Grecja: mandat dla konserwatystów

Grecja: mandat dla konserwatystów

Dodano:   /  Zmieniono: 
Opublikowane rano najnowsze wyniki niedzielnych przedterminowych wyborów parlamentarnych w Grecji potwierdzają zwycięstwo konserwatystów.

Dane obejmują 98,67 procent oddanych głosów. Wynika z nich, że konserwatywna Nowa Demokracja zdobyła 41,86 proc. głosów co daje jej 152 miejsca w 300-osobowym parlamencie.

Socjalistyczny PASOK uzyskał 38,12 proc głosów, co równałoby się ok. 102 miejscom w parlamencie. Ostateczne rezultaty mogą jeszcze ulec niewielkim zmianom.

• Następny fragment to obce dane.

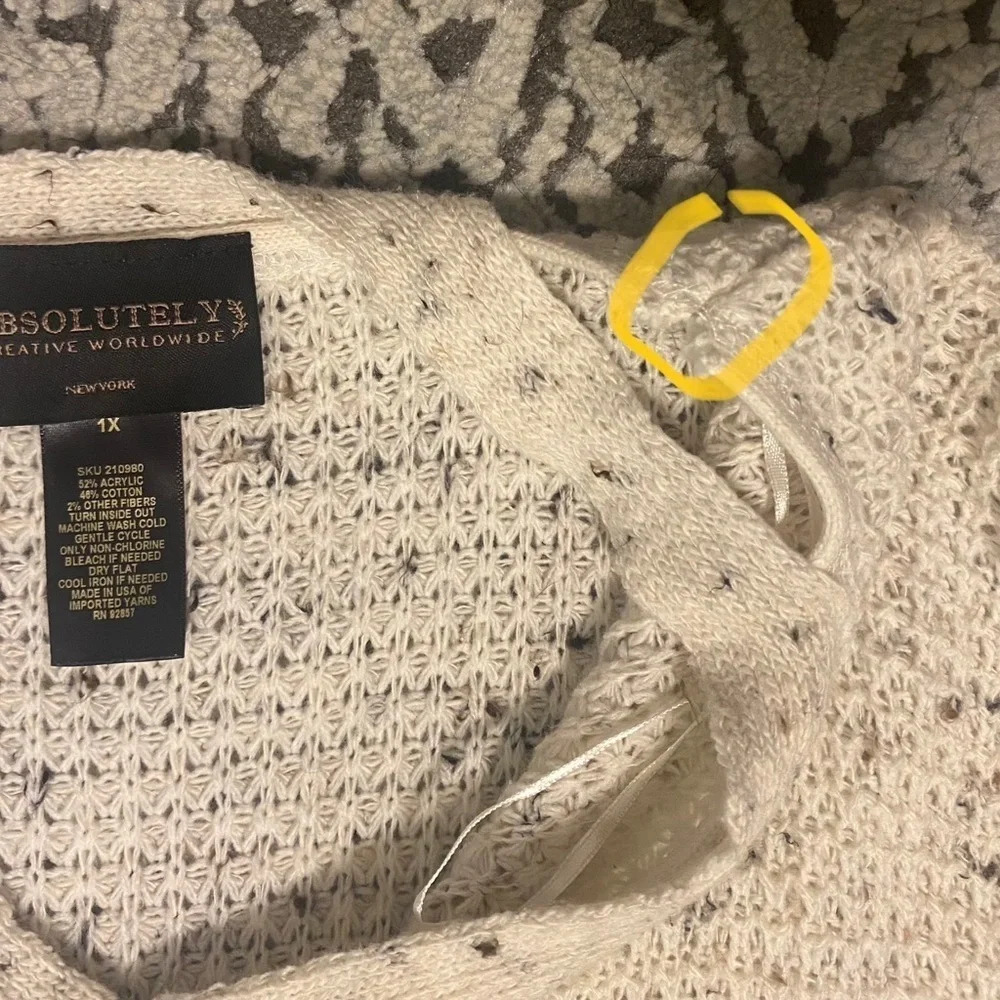 Sweater [A25] - Picture 6 of 7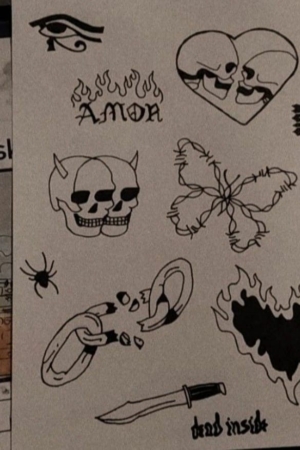 Um caderno de desenhos de tatuagens em tinta preta, com caveiras, um coração, uma aranha, uma adaga, elos de corrente e a palavra "AMOR". Esses desenhos são detalhados, mas fáceis de adaptar a qualquer estilo. Para Colorir.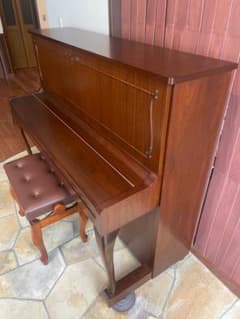 YAMAHA U10WnC アップライトピアノ ウォルナット 猫脚 椅子付き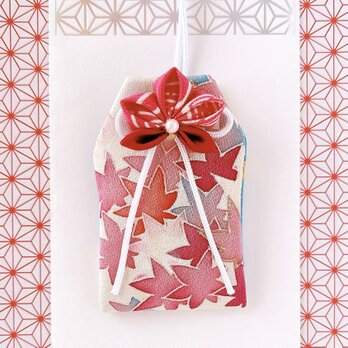 （紅葉流麗）元巫女が作る花のお守り袋の画像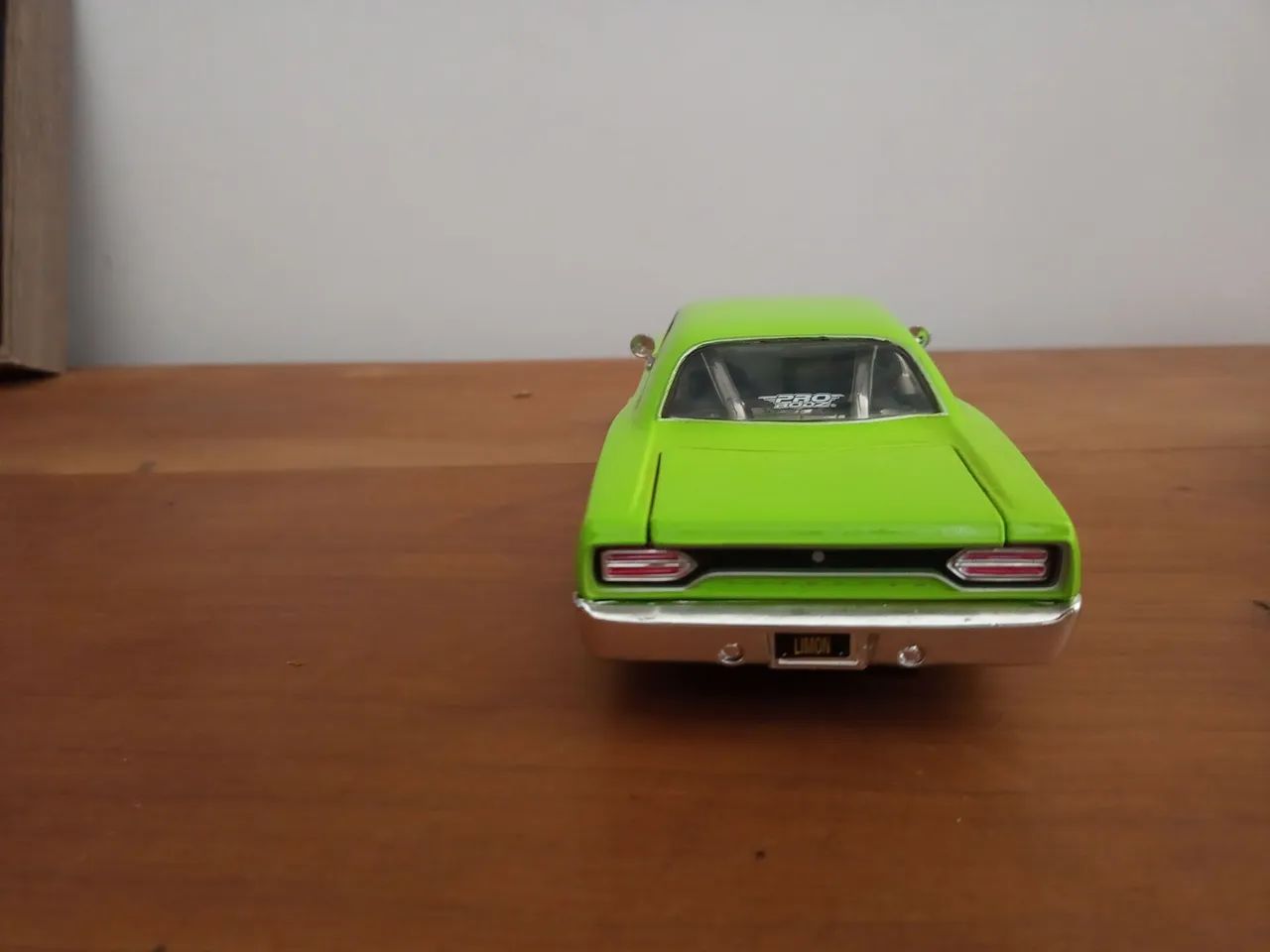 Miniatura Maisto 1/24 Plymouth zerado - Foto 3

W dotychczasowym parlamencie obie partie posiadały odpowiednio 165 i 117 mandatów.

Konserwatywny premier Grecji Konstantinos (Kostas) Karamanlis ogłosił już w niedzielę wieczorem zwycięstwo swojej Nowej Demokracji w wyborach. Na krótko przedtem przywódca PASOK Jeorjos Papandreu przyznał, że jego ugrupowanie doznało porażki.

"Dziękuję wam za zaufanie. Wypowiedzieliście się jasno i wyraźnie i wybraliście kurs, jakim podąży kraj w ciągu najbliższych kilku lat" - powiedział Karamanlis w wystąpieniu telewizyjnym.

Dodał, że Nowa Demokracja otrzymała "jednoznaczny mandat na kontynuowanie reform, których kraj potrzebuje".

"Ludzie wybrali i ich decyzja jest respektowana. PASOK walczył zacięcie, ale nie odniósł zwycięstwa. Przesłanie elektoratu jest takie, że my też ponosimy odpowiedzialność za stan kraju. Proszę byśmy usłuchali tego przesłania" - powiedział Papandreu, syn założyciela partii, byłego premiera Andreasa Papandreu.

Ulice centrum Aten późnym wieczorem w niedzielę wypełniły się tysiącami wiwatujących zwolenników konserwatystów, którzy powiewali niebieskimi flagami Nowej Demokracji, wznosili okrzyki i trąbili klaksonami swoich samochodów.